From Charlotte, with love
- Fourth of July: an all-day pool soirée. I have a Corona Light which yes, makes me tipsy. I decide it’s the sun because we’re in the South.
- I didn’t put sunscreen on my legs and I notice in the shade they’re already turning a shade of red (it’s been an hour).
- Saturday: we get up early, like 6:30 am early. The house is quiet, so we walk to get breakfast on unwalkable roads. I keep saying, I’m in the SOUTH.
- The day consists of more pool, meatball pho, Harris Teeter, and Daht Seen (Lao BBQ), where I end up eating probably a pound of squid.
- Sunday: After a Reddit deep dive and some cross-referencing, it’s decided that 300 East is where we should go for a classic Southern brunch experience.
- We get in an Uber and the first question question he asks is, “Are you Christian?”. He proceeds to badger me about my job, and how he knows Janet Jackson, and how he’s launching a fanny pack company.
- We pas a gas station and it’s 2.78/gallon.
- Had a mediocre cheddar biscuit at Sunflour.
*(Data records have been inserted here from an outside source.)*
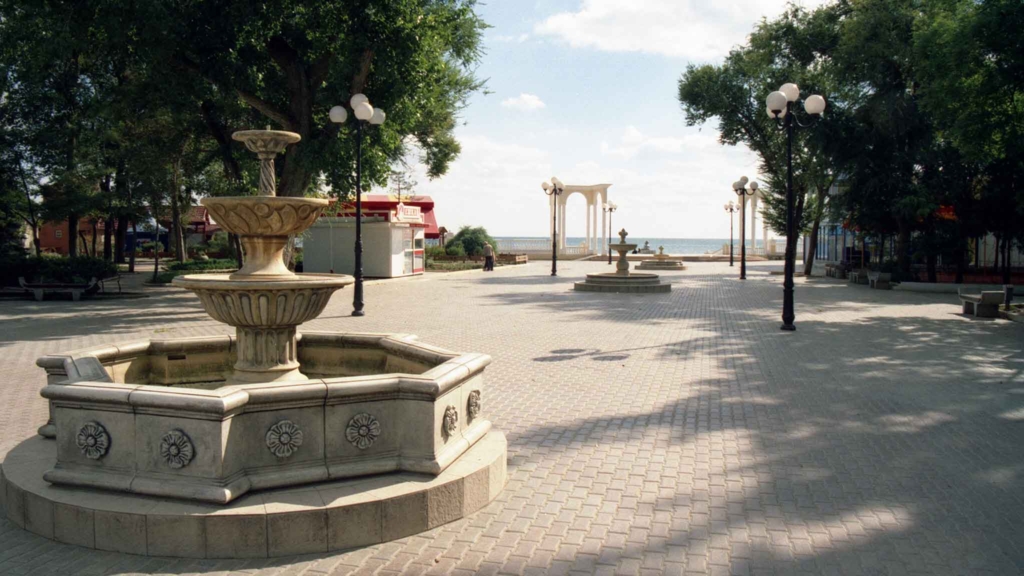 фонтан в алуште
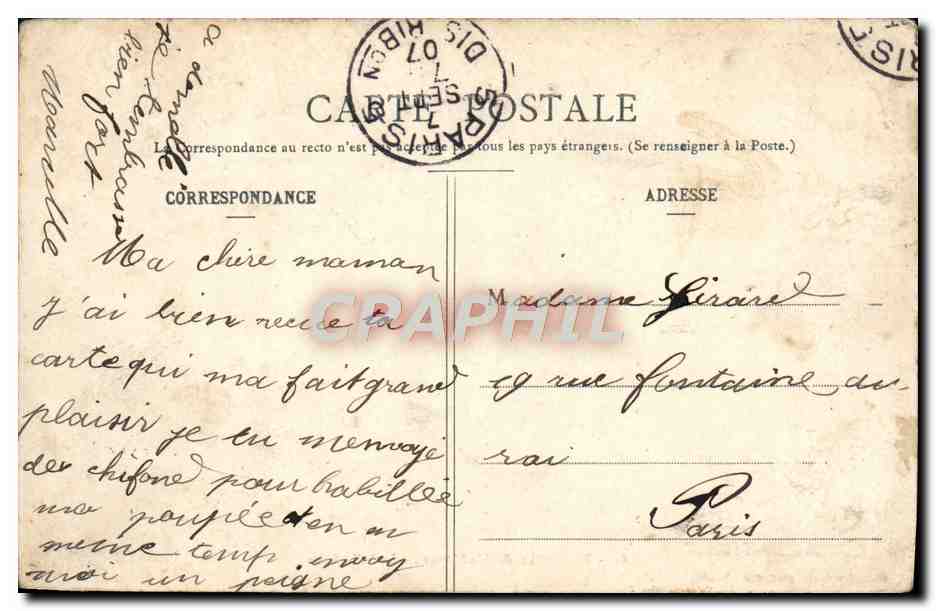 CPA Biarritz Artistique la Villa Belza — Verso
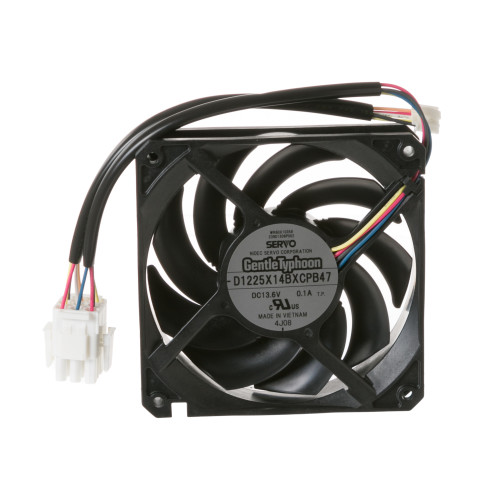 Refrigerator fan condenser DC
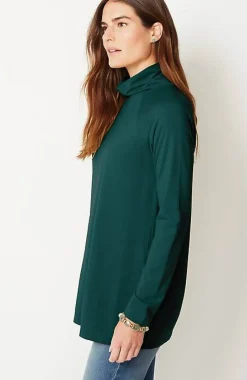 J.Jill Luxe Supima® Everyday Turtleneck Tunic | Jjill-Women Tops & Tees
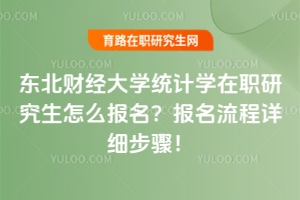 東北財經(jīng)大學(xué)統(tǒng)計學(xué)在職研究生怎么報名？報名流程詳細步驟！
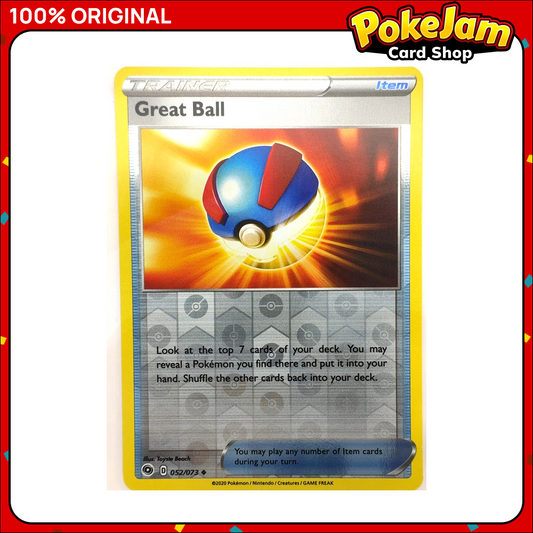 Great Ball 52/73 - Reverse Hologram - Champion's Path - Pokemon Card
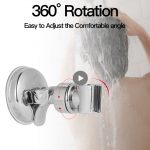 Universal Adjustable Hand Shower Holder Suction Cup Holder Full Plating Shower Rail Head Holder Bathroom Bracket Stable rotation - Image 6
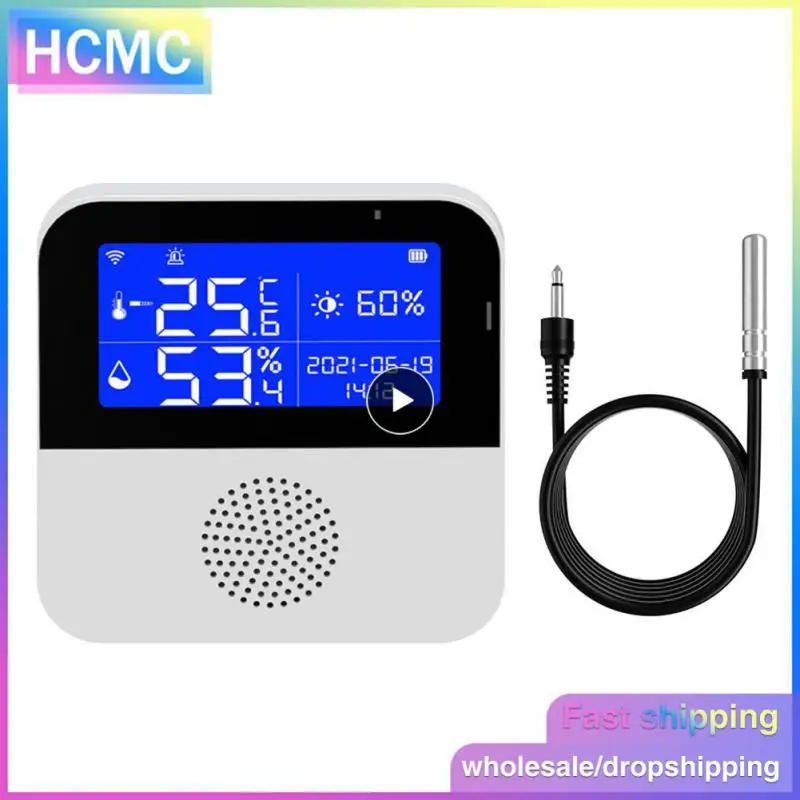 

Temperature Humidity Sensor Tuya Remote Monitoring Wifi Hygrometer Lcd Display Indoor Thermometer Detector Greenhouse Water Usb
- Late night seafood boil, storytelling, and champagne.
- At my gate. It dawns on me that I forgot my book at the house and I have two chapters left. Later, I find a PDF of it online and finish it, giving the OK to toss the physical in the donation bin.
- I’ve questioned the validity of my shrimp allergy at least a dozen times over the past 3 days.
Here, kinda
- This weekend I’ll be on a farm. Not to be confused with “The farm”, the best song on I quit.
- Going on 3 months without Netflix.
- Tried Johnny’s Pizza, which I think is now my second favorite Philly pizza.
- Of course I subscribe to Lena Dunham’s Substack.
- Tired of seeing the words “attention economy” strung together.
- Vacation brain is settling in.
- Go to Herman’s to feel like a masochist.
- It is Halloween yet.
- Peaches are my favorite fruit.
- Not new news, but Samantha would save And Just Like That…
- Worth the hype: magnesium glycinate, Rhode Glazing Milk, Old Navy workout leggings, the word “gravitas”, SoulCycle theme classes.
THANK YOU FOR READING. I keep thinking a break from this newsletter is imminent; because it’s hotsummernightsmidjuly, because I’m almost on vacation (clearly), because my sleep schedule is out of whack, because my work is taking up a lot of real estate, because Justin Bieber released a new album. And yet…….here we are, how fun :)
If your shrimp allergy proves to be a misdiagnosis I believe we’re all entitled to compensation
I’m going to start asking if you’re Christian every time you enter my vehicle.